The location of the US Constitution in pi may be "far", but it's not the "far" we have in our fuzzy human brains where things sort of logarithmically just pile together until there's no meaningful difference to us humans between the 1,839,837,237,938,739,837,954th position of pi and the 1,839,827,237,938,739,837,954th position. But a compression algorithm off by that much is useless; indeed, even being off by one digit (in your choice of base) is going to produce garbage. So it's not just about being able to reach "far", it's about being able to reach far and precisely. It doesn't matter how you arrange the possible 2^64 locations a machine word can point to; specify it as 1,739,837,237,938,739,837,954 + the binary as a 64-bit int for all it matters. That reaches "far" into pi. But you won't find anything useful enough to pay off the 64bits you spent getting there.

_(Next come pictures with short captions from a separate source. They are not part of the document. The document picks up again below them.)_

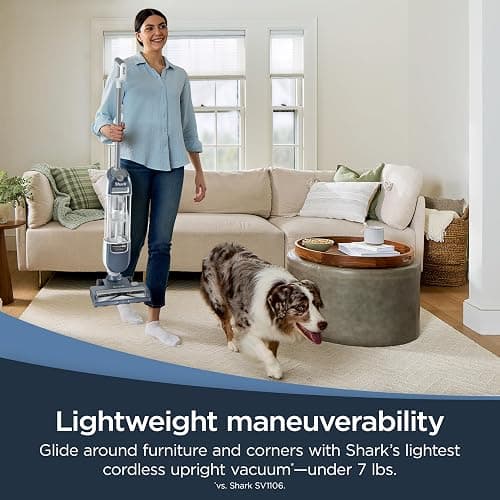 Shark Freestyle Max Cordless Upright Vacuum, Multi-Surface Cleaning, Lightweight, Easy Maintenance, with Large Dust Cup and 2-Speed Brushroll, LED Headlights, Nordic Blue, SV2002 thumbnail 6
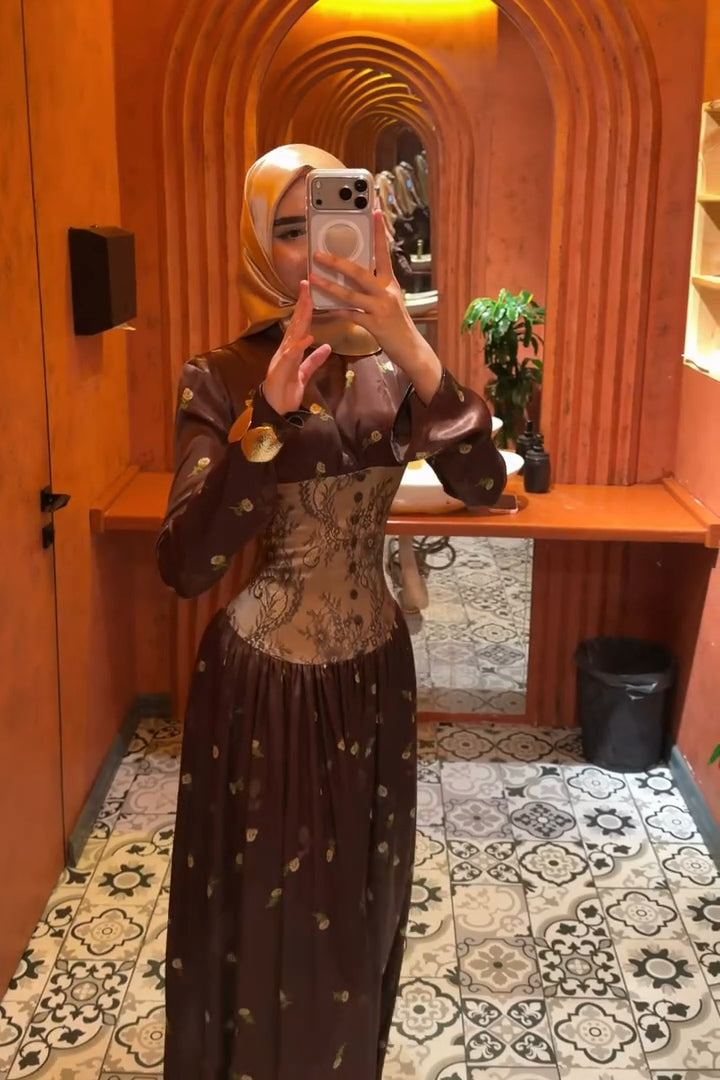 Maya Vintage Floral Corset Dress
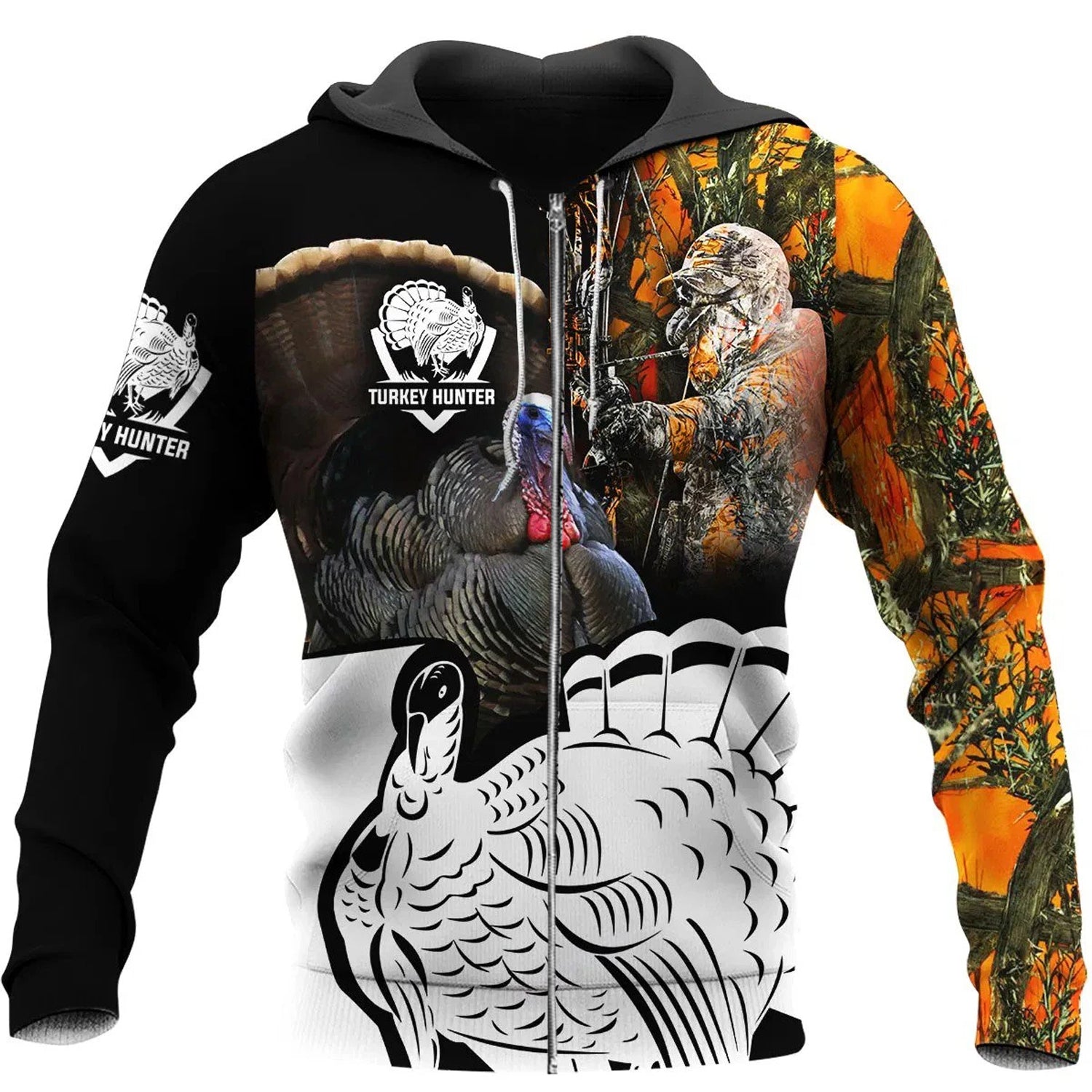 Awesome Hoodie 3D All Over Print Turkey Hunter for Men and Women Hoodie, T-Shirt, Zip Hoodies, Sweatshirt HBC127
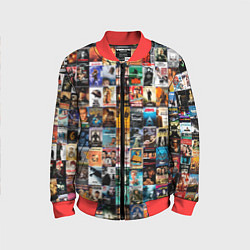 Бомбер детский Постеры фильмов, цвет: 3D-красный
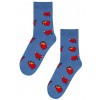 Чоловічі шкарпетки WOLA PERFECT VALENTINE WZ 218 42-44 сині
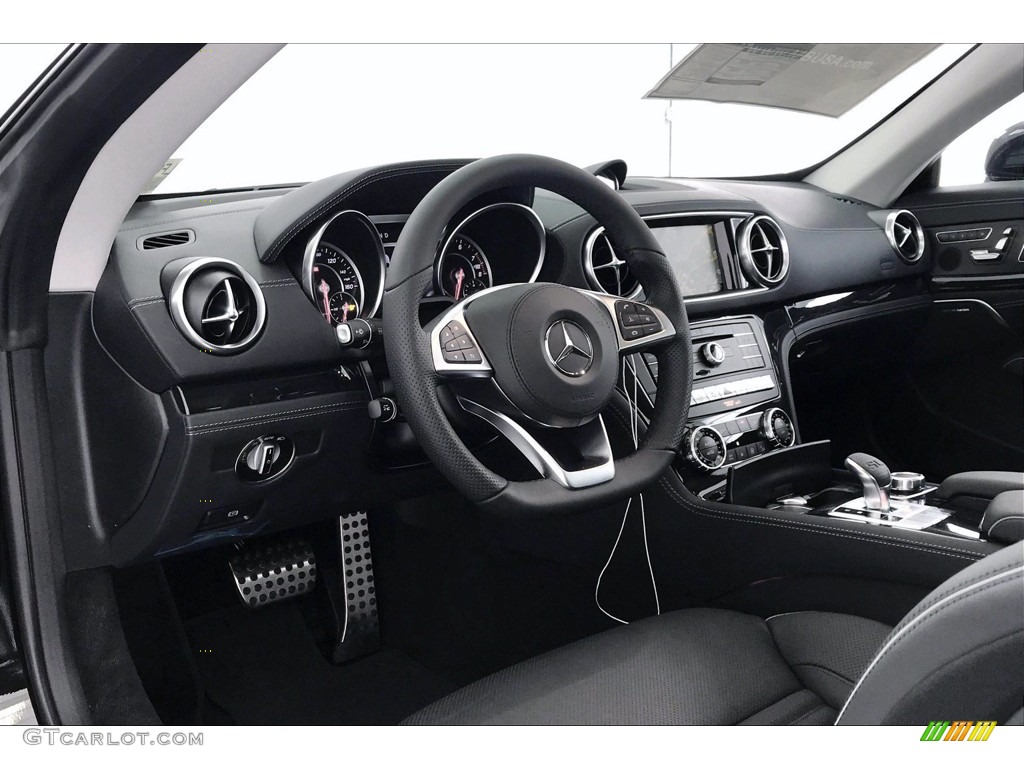 2020 SL 450 Roadster - Obsidian Black Metallic / Black photo #4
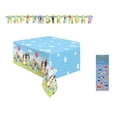 thumbnail image 1 of Paquete de artículos para fiestas, exclusivo Bluey Birthday, con mantel, 1 of 7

(I mean, you want to reach far into Pi, I give you "Go BusyBeaver(64-bit int) digits into Pi". That's reaching in pretty darned far. But it's still useless as a compression algorithm, even with the mighty power of BusyBeaver there.)
(Amusingly, at BB(42) digits into Pi, you get "42" as the next digits, proving that 42 really is the answer. Prove me wrong!)
If your offset is a million digits long you need to be sending more than a million digits of data to make it worthwhile, but the chance of your chosen million digits being available in that space is effectively zero. :)
pi is effectively randomly distributed (I don't know if this is proven) which means it would be effectively impossible to compress is using conventional entropy or dictionary based techniques.
However, there are compact formulas which can generate pi to arbitrary precision, trading off compute time with space. So it;'s effectively compressible, I guess this relates to Kolomogorov complexity in some way.
If it's stored as ASCII/UTF8 text, then it will be compressible because it's just numbers. On the other hand, if they somehow have a number format that spans that many digits then it'll already be perfectly efficient.
Um, sure. But I don't think anybody really cares if pi is compressible because it's ASCII representation of numbers. At best, you'd be getting some constant factor improvement due to the unused bits, but there's nothing specific to pi in that.
If you consider compression to be 'representing information in a way that you can recover with some processing (from less information)', then any programmatic definition of Pi is an enormous compression of the value.
Bellard's [1] 2009 record was much more impressive, because he used a clever formula to break the existing record with a mere (albeit beefy) desktop computer: https://bellard.org/pi/pi2700e9/
The record he broke with his desktop PC was made using a supercomputer cluster.
[1] If somebody is not familiar with him, he is also the original author of QEMU, ffmpeg and the Tiny C Compiler.